Image-caption web data:
◆ ◆ ◆ ◆ ◆ ◆ ◆

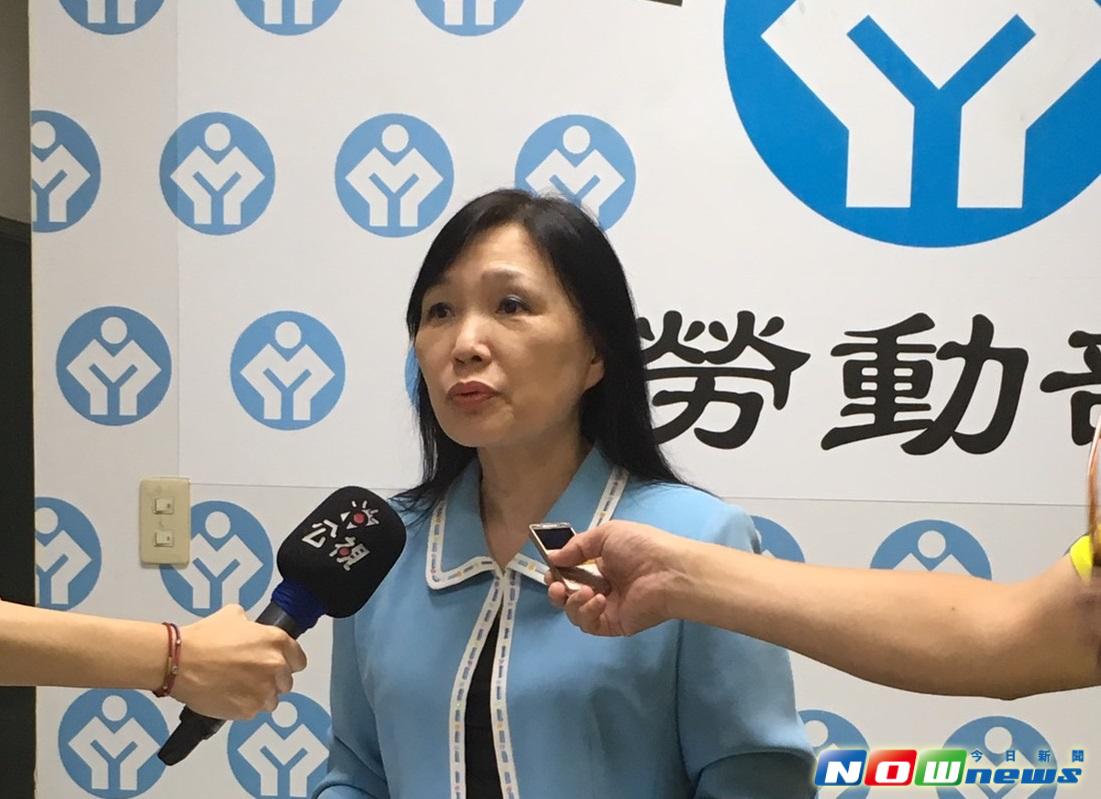 ▲勞動部條件司長謝蒨蒨16日表示，新增的「勞雇雙方可自行約定年度期間」跟原本的立法精神一樣，只是讓像教育場所等勞工也可採學年制計算特休假。（圖／記者張雄風攝,2017.6.16）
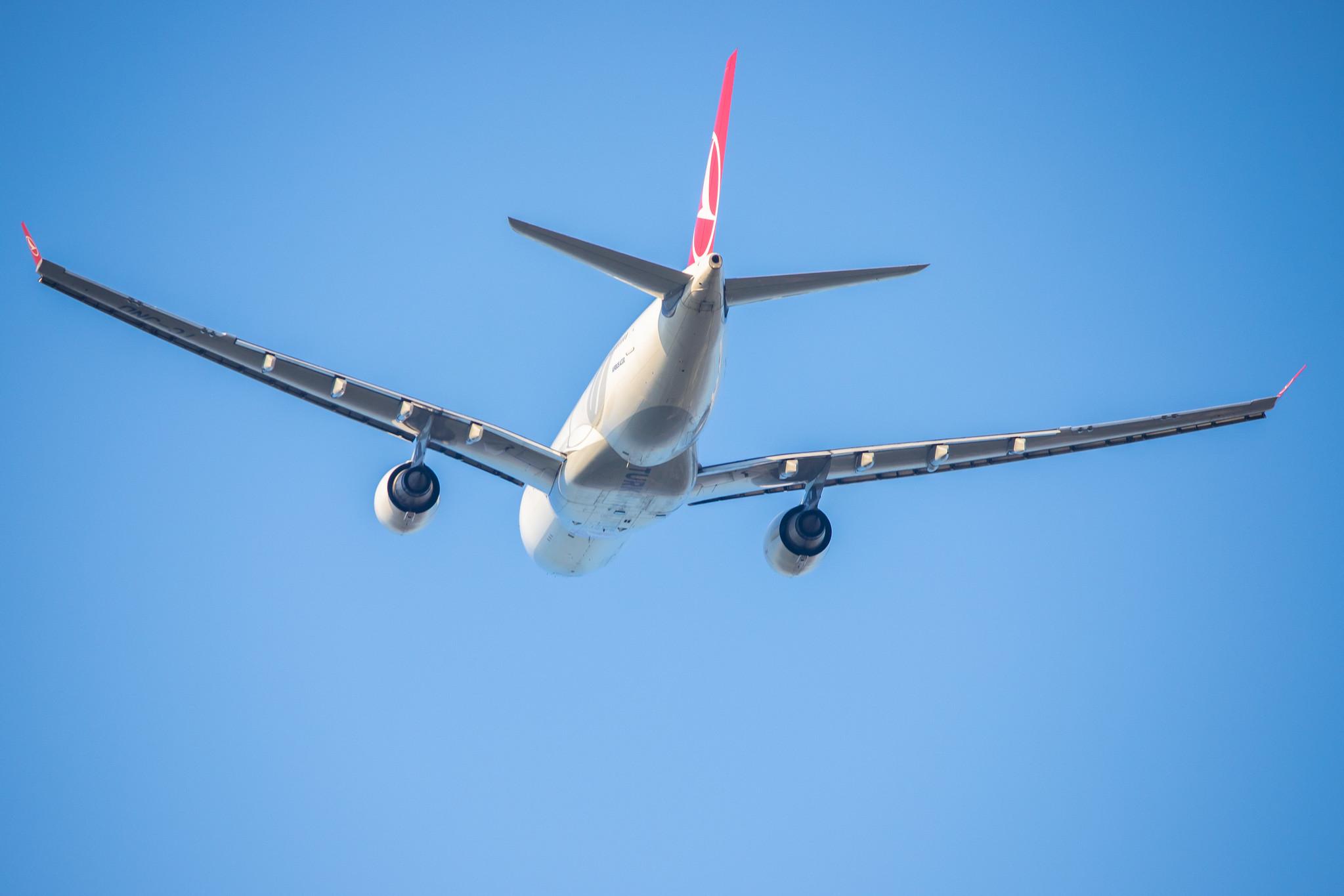 Hamburg Airport: Turkish Airlines (TK / THY) |  Airbus A330-203 A332 | TC-JND | MSN 0754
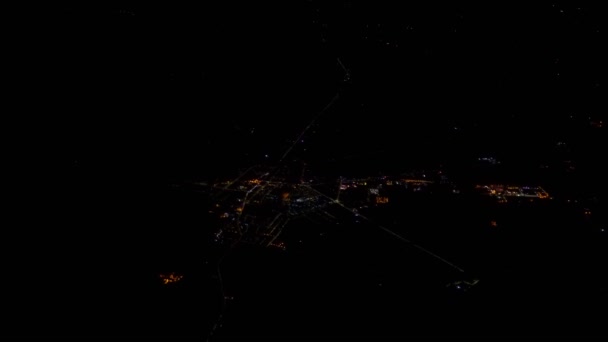 Ville européenne la nuit. Vue de l'avion .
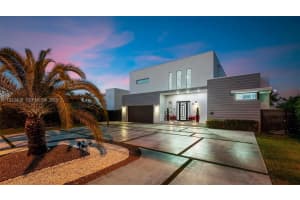 81 S Royal Poinciana Blvd, Miami Springs, FL 33166, - MLS#A11923406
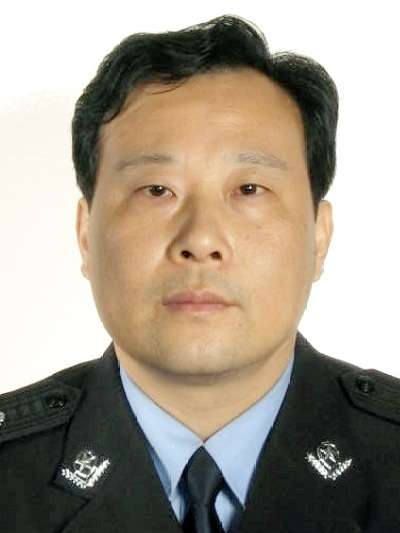  p>戴尉华,男,汉族,安徽无为县人,1963年4月出生,1980年11月参加工作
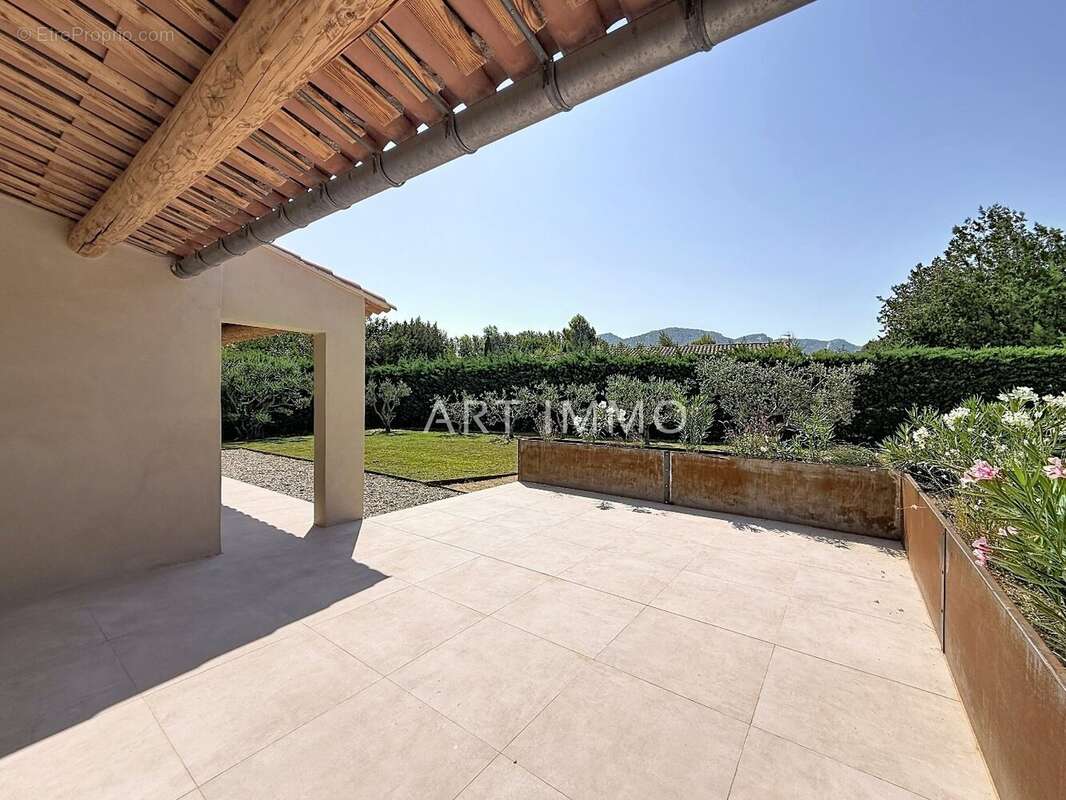 Maison 4 chambres au calme - photo 4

◆ ◆ ◆ ◆ ◆ ◆ ◆

Write out all of the data above exactly, without any of its pictures.

 ▲勞動部條件司長謝蒨蒨16日表示，新增的「勞雇雙方可自行約定年度期間」跟原本的立法精神一樣，只是讓像教育場所等勞工也可採學年制計算特休假。（圖／記者張雄風攝,2017.6.16）
 Hamburg Airport: Turkish Airlines (TK / THY) |  Airbus A330-203 A332 | TC-JND | MSN 0754
 Ville européenne la nuit. Vue de l'avion .
 81 S Royal Poinciana Blvd, Miami Springs, FL 33166, - MLS#A11923406
  p>戴尉华,男,汉族,安徽无为县人,1963年4月出生,1980年11月参加工作
 Maison 4 chambres au calme - photo 4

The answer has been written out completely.